-- Material supplied follows --

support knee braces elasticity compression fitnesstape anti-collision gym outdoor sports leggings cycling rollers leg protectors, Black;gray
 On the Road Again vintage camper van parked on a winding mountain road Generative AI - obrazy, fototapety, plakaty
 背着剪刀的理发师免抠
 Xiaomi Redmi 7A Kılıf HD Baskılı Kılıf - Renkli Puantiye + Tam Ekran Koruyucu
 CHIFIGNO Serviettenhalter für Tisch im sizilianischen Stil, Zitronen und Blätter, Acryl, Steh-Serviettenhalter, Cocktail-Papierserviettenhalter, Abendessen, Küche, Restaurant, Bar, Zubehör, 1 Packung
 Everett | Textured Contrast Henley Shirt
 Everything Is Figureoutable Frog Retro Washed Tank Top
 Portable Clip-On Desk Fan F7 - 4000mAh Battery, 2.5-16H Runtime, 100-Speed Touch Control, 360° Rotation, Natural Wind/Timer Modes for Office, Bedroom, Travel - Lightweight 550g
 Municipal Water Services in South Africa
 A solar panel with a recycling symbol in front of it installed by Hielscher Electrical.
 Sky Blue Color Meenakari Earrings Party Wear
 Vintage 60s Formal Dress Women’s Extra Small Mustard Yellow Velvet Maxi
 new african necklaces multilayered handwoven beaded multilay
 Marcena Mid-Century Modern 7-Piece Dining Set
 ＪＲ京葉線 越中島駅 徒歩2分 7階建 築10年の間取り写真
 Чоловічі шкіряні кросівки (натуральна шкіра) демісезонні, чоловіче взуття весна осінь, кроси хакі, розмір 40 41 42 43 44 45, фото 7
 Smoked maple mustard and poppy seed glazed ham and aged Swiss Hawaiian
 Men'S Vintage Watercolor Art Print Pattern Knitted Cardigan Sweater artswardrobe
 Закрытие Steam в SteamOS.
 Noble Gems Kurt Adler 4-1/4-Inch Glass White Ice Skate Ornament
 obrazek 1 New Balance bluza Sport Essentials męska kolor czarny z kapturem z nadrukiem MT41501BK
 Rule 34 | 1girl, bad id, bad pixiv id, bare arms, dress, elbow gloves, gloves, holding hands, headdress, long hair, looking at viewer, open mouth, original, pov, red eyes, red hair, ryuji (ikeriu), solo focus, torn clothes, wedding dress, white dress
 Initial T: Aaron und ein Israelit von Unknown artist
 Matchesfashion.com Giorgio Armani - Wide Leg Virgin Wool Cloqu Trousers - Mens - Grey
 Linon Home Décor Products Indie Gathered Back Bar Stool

-- Material supplied concluded --

Restate the listing above word for word.

support knee braces elasticity compression fitnesstape anti-collision gym outdoor sports leggings cycling rollers leg protectors, Black;gray
 On the Road Again vintage camper van parked on a winding mountain road Generative AI - obrazy, fototapety, plakaty
 背着剪刀的理发师免抠
 Xiaomi Redmi 7A Kılıf HD Baskılı Kılıf - Renkli Puantiye + Tam Ekran Koruyucu
 CHIFIGNO Serviettenhalter für Tisch im sizilianischen Stil, Zitronen und Blätter, Acryl, Steh-Serviettenhalter, Cocktail-Papierserviettenhalter, Abendessen, Küche, Restaurant, Bar, Zubehör, 1 Packung
 Everett | Textured Contrast Henley Shirt
 Everything Is Figureoutable Frog Retro Washed Tank Top
 Portable Clip-On Desk Fan F7 - 4000mAh Battery, 2.5-16H Runtime, 100-Speed Touch Control, 360° Rotation, Natural Wind/Timer Modes for Office, Bedroom, Travel - Lightweight 550g
 Municipal Water Services in South Africa
 A solar panel with a recycling symbol in front of it installed by Hielscher Electrical.
 Sky Blue Color Meenakari Earrings Party Wear
 Vintage 60s Formal Dress Women’s Extra Small Mustard Yellow Velvet Maxi
 new african necklaces multilayered handwoven beaded multilay
 Marcena Mid-Century Modern 7-Piece Dining Set
 ＪＲ京葉線 越中島駅 徒歩2分 7階建 築10年の間取り写真
 Чоловічі шкіряні кросівки (натуральна шкіра) демісезонні, чоловіче взуття весна осінь, кроси хакі, розмір 40 41 42 43 44 45, фото 7
 Smoked maple mustard and poppy seed glazed ham and aged Swiss Hawaiian
 Men'S Vintage Watercolor Art Print Pattern Knitted Cardigan Sweater artswardrobe
 Закрытие Steam в SteamOS.
 Noble Gems Kurt Adler 4-1/4-Inch Glass White Ice Skate Ornament
 obrazek 1 New Balance bluza Sport Essentials męska kolor czarny z kapturem z nadrukiem MT41501BK
 Rule 34 | 1girl, bad id, bad pixiv id, bare arms, dress, elbow gloves, gloves, holding hands, headdress, long hair, looking at viewer, open mouth, original, pov, red eyes, red hair, ryuji (ikeriu), solo focus, torn clothes, wedding dress, white dress
 Initial T: Aaron und ein Israelit von Unknown artist
 Matchesfashion.com Giorgio Armani - Wide Leg Virgin Wool Cloqu Trousers - Mens - Grey
 Linon Home Décor Products Indie Gathered Back Bar Stool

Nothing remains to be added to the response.